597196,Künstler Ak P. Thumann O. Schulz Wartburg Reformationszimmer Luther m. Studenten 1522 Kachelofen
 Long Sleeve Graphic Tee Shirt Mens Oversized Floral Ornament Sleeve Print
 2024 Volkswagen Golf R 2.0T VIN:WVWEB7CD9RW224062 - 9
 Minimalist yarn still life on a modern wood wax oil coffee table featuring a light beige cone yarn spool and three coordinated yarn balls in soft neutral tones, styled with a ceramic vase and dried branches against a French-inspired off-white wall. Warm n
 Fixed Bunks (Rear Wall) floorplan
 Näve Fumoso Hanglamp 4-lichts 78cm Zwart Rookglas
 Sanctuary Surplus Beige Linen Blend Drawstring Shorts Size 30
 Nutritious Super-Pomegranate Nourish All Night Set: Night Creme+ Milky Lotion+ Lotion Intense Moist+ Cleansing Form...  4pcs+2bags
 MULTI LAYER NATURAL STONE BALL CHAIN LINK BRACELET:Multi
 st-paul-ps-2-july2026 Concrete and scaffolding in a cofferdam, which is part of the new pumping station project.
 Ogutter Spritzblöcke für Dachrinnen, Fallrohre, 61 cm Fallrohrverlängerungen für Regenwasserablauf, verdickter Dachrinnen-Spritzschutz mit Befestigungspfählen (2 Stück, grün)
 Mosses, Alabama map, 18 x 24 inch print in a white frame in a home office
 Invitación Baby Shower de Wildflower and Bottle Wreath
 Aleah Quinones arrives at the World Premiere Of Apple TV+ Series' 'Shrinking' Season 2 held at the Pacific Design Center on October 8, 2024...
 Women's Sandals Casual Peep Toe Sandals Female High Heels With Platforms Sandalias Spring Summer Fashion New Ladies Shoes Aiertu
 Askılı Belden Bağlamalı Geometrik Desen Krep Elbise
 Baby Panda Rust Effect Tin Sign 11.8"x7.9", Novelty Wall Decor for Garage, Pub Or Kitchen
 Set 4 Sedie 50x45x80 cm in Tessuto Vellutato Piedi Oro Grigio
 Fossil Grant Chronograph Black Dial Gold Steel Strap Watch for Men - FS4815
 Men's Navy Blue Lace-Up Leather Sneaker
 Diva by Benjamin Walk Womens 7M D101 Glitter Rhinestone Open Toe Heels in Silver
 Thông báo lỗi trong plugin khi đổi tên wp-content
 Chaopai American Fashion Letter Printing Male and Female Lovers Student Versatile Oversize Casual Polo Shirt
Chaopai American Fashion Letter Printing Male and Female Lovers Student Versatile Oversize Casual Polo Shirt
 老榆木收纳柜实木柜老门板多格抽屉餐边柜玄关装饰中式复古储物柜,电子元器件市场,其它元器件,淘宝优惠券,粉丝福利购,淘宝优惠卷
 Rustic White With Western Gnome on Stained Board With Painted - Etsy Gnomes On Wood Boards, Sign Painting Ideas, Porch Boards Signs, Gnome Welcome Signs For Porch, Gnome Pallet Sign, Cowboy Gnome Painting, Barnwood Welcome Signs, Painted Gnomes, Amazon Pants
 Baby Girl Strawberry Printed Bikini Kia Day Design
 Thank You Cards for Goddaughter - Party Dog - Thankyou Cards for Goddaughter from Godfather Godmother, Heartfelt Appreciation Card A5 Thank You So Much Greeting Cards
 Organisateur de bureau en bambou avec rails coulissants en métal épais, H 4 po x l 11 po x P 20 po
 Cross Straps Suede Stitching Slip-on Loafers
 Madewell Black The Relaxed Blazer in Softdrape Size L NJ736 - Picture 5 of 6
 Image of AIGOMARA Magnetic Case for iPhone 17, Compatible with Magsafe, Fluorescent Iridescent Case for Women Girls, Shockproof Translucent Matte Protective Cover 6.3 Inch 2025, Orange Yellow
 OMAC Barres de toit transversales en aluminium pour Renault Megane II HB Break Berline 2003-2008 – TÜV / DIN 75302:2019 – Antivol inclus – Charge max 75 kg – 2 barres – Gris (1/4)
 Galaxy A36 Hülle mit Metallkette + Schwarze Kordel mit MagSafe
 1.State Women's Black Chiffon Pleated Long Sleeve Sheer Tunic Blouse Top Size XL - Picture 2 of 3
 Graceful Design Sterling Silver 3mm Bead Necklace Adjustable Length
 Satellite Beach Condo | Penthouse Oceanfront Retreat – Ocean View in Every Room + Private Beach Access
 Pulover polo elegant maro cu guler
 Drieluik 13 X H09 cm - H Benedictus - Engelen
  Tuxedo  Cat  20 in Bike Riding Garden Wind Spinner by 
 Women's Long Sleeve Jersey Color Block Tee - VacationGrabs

• [GOAL OF THE EXERCISE]:
Look through the entries and find each line that has the string "Black". Copy those lines.

• [FINISHED EXERCISE]:
 Fossil Grant Chronograph Black Dial Gold Steel Strap Watch for Men - FS4815
 Madewell Black The Relaxed Blazer in Softdrape Size L NJ736 - Picture 5 of 6
 1.State Women's Black Chiffon Pleated Long Sleeve Sheer Tunic Blouse Top Size XL - Picture 2 of 3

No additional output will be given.